Among the upregulated genes, HN1 had the highest combined ES value of 2.4036. The present study was consistent with a previous study by Tang et al (27). In addition, many studies have confirmed that HN1 mutations are related to cancer occurrence. For example, Lu et al reported that HN1 is mutated in ovarian carcinoma epithelial tissue and can be used as a biomarker for ovarian cancer (47). Laughlin et al established a mouse glioma model and confirmed that murine HN1 depletion led to a significant reduction in glioma volume (48). They also demonstrated that HN1 was associated with the melanoma phenotype and regulated cell proliferation and melanogenesis (48). HN1 is overexpressed in breast cancer and can promote invasion and metastasis in breast cancer (49) and prostate cancer cells (50). These studies illustrate that HN1 gene expression is related to the proliferation, invasion and metastasis of tumor cells. The results of the bioinformatics analysis in the present study demonstrated that HN1 was upregulated in PDAC samples, which indicated that PDAC occurrence may be related to HN1 overexpression. This result is consistent with the previously studied mechanism of action of HN1 (49). Conversely, RT-qPCR analysis of HN1 did not demonstrate a significant difference between PDAC samples and normal pancreatic tissue. Despite the lack of a statistical difference between PDAC patients with high levels and low HN1 expression levels in the TCGA dataset, since the present study suggested that HN1 expression is associated with PDAC, further exploration of the association between HN1 gene expression, PDAC progression and patient survival is important.

ITGA2 is a collagen receptor expressed on cell membranes that mediates cell-cell and cell-matrix adhesions. A number of previous studies have indicated that ITGA2 expression is upregulated in normal epithelial cells, and its expression changes when tumorigenesis occurs (51–53). Ramirez et al revealed a loss of ITG α2β1 in breast and prostate cancer (51). Previous studies have also reported that loss of ITGA2 serves a critical role in colon cancer metastasis (52) and that ITGA2 is strongly expressed in PDAC (53). The results of the present study are consistent with previous studies on pancreatic cancer in that ITGA2 expression was significantly higher in PDAC tissue compared with normal pancreatic tissue.

S100A6, or its product calcyclin, has been identified to be associated with various malignancies, such as osteosarcoma (54), gastric cancer (55) and malignant melanoma (56). Upregulation of S100A6 expression in tumor tissue is associated with cell proliferation (57). In addition, Ohuchida et al quantitatively analyzed S100A6 and demonstrated that the S100A6 expression level was markedly higher in pancreatic cancer tissues compared with normal pancreatic tissue (58). S100A6 is one of the 158 PDAC-related DEGs identified by Logsdon et al using microarray datasets (59). In the present study, S100A6 expression was upregulated in PDAC samples compared with normal tissue, which was verified by TCGA and RT-qPCR; the findings were consistent with previous studies. Unfortunately, no association was observed between S100A6 gene expression and patient survival time in the TCGA dataset.

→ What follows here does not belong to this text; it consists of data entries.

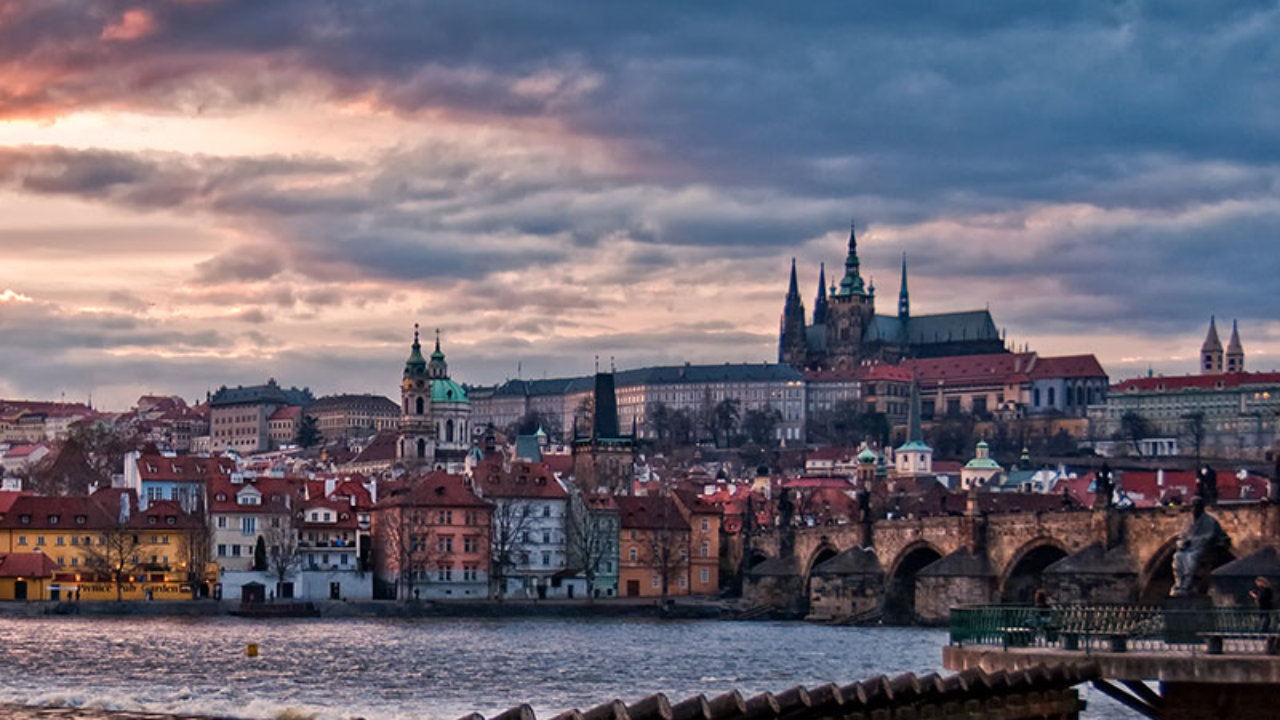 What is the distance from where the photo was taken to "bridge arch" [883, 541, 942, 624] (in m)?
103

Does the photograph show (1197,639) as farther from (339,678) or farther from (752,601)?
(752,601)

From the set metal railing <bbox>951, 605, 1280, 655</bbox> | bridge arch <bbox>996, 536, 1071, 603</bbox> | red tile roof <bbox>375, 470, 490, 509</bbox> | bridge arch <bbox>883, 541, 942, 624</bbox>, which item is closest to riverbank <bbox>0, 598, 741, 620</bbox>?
red tile roof <bbox>375, 470, 490, 509</bbox>

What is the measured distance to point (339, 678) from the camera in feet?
192

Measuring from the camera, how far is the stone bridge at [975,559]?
81.1m

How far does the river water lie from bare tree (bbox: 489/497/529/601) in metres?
15.8

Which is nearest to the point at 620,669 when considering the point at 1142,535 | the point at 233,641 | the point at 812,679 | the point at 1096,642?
the point at 812,679

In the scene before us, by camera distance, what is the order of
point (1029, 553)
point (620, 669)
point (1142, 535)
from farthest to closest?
point (1029, 553) < point (1142, 535) < point (620, 669)

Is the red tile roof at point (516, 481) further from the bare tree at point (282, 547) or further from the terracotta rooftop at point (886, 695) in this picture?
the terracotta rooftop at point (886, 695)

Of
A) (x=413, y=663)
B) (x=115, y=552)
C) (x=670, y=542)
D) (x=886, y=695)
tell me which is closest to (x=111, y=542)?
(x=115, y=552)

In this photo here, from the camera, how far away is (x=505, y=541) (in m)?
115

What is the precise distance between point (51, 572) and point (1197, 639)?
89.2 meters

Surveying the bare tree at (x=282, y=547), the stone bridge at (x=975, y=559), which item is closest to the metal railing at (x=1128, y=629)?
the stone bridge at (x=975, y=559)

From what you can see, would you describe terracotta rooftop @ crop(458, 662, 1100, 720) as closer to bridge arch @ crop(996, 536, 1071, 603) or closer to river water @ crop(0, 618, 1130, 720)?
river water @ crop(0, 618, 1130, 720)

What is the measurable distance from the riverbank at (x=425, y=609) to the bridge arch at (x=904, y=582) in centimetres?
834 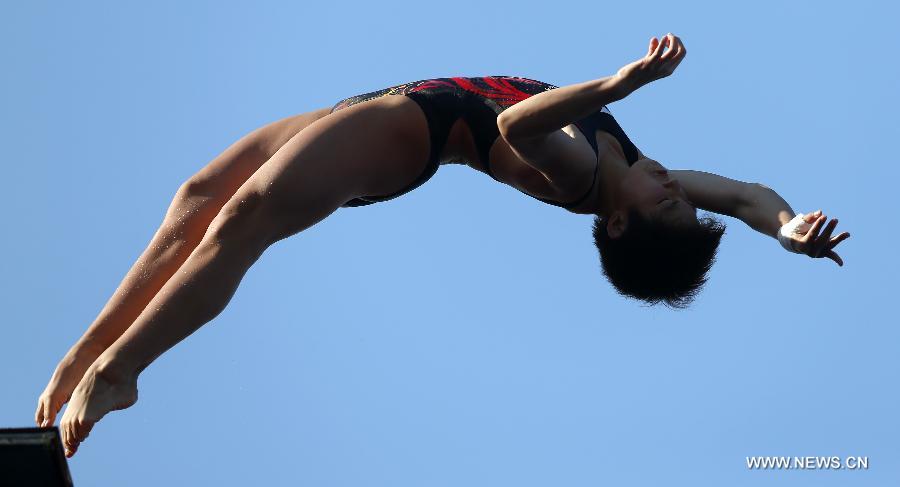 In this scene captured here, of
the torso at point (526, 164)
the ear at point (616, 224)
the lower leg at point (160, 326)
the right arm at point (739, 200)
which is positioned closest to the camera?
the lower leg at point (160, 326)

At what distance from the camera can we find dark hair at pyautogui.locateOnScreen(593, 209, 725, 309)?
21.1 ft

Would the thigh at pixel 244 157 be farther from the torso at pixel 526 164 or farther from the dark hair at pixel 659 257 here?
the dark hair at pixel 659 257

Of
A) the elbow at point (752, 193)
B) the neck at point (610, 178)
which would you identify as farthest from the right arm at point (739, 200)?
the neck at point (610, 178)

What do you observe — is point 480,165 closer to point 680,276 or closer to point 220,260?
point 680,276

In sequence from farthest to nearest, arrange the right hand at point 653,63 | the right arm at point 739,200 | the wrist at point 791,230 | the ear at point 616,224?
the ear at point 616,224 → the right arm at point 739,200 → the wrist at point 791,230 → the right hand at point 653,63

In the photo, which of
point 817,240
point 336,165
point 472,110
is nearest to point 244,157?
point 336,165

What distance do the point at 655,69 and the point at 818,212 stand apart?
1227 millimetres

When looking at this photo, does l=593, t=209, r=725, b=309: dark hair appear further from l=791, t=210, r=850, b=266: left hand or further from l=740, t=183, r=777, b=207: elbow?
l=791, t=210, r=850, b=266: left hand

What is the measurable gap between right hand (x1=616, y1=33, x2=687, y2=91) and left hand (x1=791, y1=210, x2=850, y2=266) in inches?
44.7

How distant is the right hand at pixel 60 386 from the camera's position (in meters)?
5.81

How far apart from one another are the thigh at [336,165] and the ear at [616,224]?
101cm

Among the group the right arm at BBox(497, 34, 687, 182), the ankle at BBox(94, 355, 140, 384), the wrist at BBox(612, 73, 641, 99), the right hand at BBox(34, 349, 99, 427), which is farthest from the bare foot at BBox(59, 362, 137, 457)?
the wrist at BBox(612, 73, 641, 99)

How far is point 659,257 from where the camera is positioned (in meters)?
6.50

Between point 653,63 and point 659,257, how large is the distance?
1.40 m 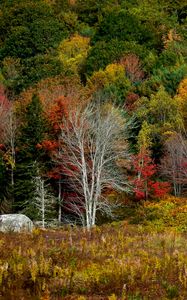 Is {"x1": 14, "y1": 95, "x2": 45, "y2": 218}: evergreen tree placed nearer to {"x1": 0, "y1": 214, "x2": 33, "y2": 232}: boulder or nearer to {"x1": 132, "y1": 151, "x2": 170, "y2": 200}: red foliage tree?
{"x1": 132, "y1": 151, "x2": 170, "y2": 200}: red foliage tree

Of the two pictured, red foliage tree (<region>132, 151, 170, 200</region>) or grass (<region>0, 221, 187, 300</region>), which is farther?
red foliage tree (<region>132, 151, 170, 200</region>)

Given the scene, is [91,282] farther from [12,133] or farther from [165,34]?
[165,34]

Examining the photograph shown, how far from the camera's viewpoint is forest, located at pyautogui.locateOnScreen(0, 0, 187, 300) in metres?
7.48

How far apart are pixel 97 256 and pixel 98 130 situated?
69.2 ft

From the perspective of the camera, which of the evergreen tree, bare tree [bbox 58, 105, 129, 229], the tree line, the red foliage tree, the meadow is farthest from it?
the red foliage tree

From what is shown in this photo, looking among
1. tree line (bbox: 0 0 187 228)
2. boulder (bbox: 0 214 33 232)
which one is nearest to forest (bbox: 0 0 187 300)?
tree line (bbox: 0 0 187 228)

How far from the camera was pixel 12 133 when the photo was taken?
33.8 meters

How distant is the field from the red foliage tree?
75.0 ft

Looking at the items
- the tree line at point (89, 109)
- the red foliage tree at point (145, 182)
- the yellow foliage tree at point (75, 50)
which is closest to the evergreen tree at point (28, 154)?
the tree line at point (89, 109)

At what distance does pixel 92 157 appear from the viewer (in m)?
30.6

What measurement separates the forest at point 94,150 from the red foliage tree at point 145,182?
0.08 m

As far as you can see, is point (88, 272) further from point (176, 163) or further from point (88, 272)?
point (176, 163)

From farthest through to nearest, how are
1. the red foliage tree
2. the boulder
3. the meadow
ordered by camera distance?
the red foliage tree, the boulder, the meadow

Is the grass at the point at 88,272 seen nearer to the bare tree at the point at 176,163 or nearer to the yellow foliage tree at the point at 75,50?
the bare tree at the point at 176,163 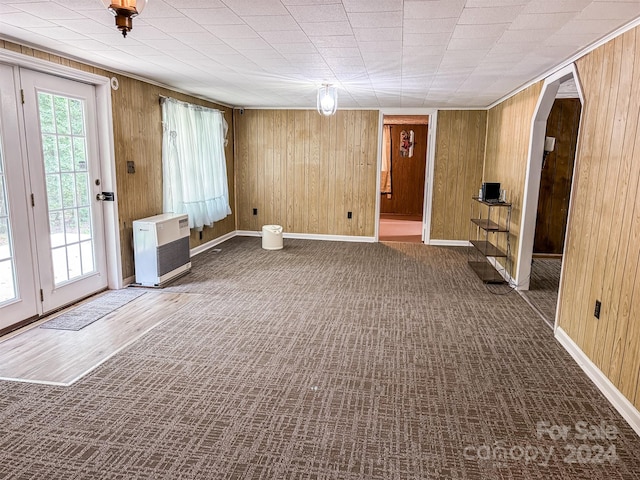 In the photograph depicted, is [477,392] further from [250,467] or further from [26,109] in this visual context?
[26,109]

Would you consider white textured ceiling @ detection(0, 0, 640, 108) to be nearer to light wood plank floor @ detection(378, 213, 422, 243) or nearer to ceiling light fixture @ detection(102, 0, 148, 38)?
ceiling light fixture @ detection(102, 0, 148, 38)

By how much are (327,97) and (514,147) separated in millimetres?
2301

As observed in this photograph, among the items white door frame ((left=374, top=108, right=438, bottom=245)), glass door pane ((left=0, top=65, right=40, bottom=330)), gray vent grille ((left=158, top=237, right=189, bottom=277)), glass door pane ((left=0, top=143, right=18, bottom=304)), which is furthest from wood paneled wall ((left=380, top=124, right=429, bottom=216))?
glass door pane ((left=0, top=143, right=18, bottom=304))

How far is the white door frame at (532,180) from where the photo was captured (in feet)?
13.6

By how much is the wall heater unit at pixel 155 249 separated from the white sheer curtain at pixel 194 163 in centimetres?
68

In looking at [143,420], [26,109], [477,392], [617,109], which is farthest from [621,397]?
[26,109]

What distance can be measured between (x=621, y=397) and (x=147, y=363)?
2903 mm

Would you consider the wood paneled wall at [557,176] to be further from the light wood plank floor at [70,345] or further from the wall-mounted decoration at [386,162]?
the light wood plank floor at [70,345]

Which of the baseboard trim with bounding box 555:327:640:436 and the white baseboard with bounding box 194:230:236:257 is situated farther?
the white baseboard with bounding box 194:230:236:257

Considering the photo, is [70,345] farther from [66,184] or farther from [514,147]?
[514,147]

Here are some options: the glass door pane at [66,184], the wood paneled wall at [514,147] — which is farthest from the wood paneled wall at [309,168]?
the glass door pane at [66,184]

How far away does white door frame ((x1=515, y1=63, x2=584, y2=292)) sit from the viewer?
13.6 ft

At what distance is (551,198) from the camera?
6.27 meters

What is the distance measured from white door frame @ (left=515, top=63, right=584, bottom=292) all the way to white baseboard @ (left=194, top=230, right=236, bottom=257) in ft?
13.8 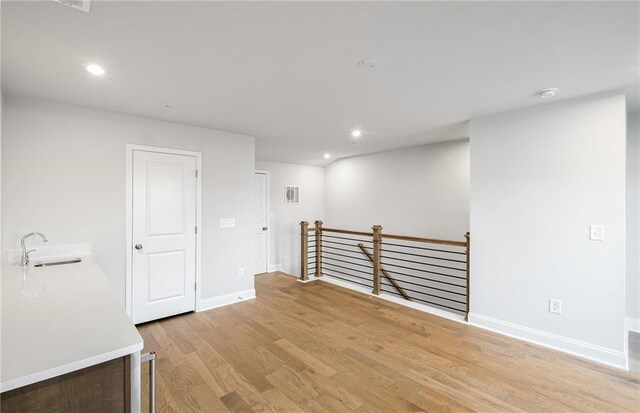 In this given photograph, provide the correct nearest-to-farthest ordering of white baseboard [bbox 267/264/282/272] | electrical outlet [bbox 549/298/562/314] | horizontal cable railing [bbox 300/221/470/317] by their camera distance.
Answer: electrical outlet [bbox 549/298/562/314]
horizontal cable railing [bbox 300/221/470/317]
white baseboard [bbox 267/264/282/272]

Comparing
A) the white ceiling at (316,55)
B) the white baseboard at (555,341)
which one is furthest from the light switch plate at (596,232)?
the white ceiling at (316,55)

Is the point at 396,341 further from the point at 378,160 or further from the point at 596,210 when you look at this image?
the point at 378,160

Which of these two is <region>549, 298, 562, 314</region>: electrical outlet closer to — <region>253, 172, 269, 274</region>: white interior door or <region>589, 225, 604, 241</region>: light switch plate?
<region>589, 225, 604, 241</region>: light switch plate

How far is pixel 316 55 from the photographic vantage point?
189cm

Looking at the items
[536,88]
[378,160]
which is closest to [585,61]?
[536,88]

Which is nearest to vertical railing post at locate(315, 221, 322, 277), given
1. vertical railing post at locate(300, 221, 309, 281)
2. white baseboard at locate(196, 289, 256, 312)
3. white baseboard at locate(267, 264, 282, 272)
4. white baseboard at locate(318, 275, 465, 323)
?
white baseboard at locate(318, 275, 465, 323)

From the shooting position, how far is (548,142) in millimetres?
2775

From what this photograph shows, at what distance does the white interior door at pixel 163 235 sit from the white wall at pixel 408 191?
3.38 meters

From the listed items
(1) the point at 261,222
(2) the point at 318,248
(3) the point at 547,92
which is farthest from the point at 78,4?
(1) the point at 261,222

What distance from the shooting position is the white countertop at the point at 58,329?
0.91m

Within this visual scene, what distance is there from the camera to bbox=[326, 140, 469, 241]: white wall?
14.7ft

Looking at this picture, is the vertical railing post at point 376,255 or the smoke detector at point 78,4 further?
the vertical railing post at point 376,255

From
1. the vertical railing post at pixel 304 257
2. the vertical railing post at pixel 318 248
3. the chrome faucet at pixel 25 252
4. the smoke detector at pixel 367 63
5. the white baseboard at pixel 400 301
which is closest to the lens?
the smoke detector at pixel 367 63

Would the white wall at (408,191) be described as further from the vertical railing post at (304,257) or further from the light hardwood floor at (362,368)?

In the present study, KIF1A was identified as the most strongly downregulated gene, with a combined ES of −1.9848. The protein encoded by KIF1A is microtubule-dependent molecular motor involved in important intracellular functions such as organelle transport and cell division (60). De et al (61) found that KIF1A is highly expressed in breast cancer and its upregulation is associated with breast cancer resistance to docetaxel. By contrast, Hattori et al demonstrated that KIF1A expression was upregulated in human and murine adrenal tumors compared with normal adrenal tissue (62). However, few studies have shown that the PDAC occurrence is related to the downregulation of KIF1A, although mutation of KIF1A is strongly associated with cancer (63). In the present study, KIF1A was the most strongly downregulated DEG in PDAC, further indicating that KIF1A may be related to the disease.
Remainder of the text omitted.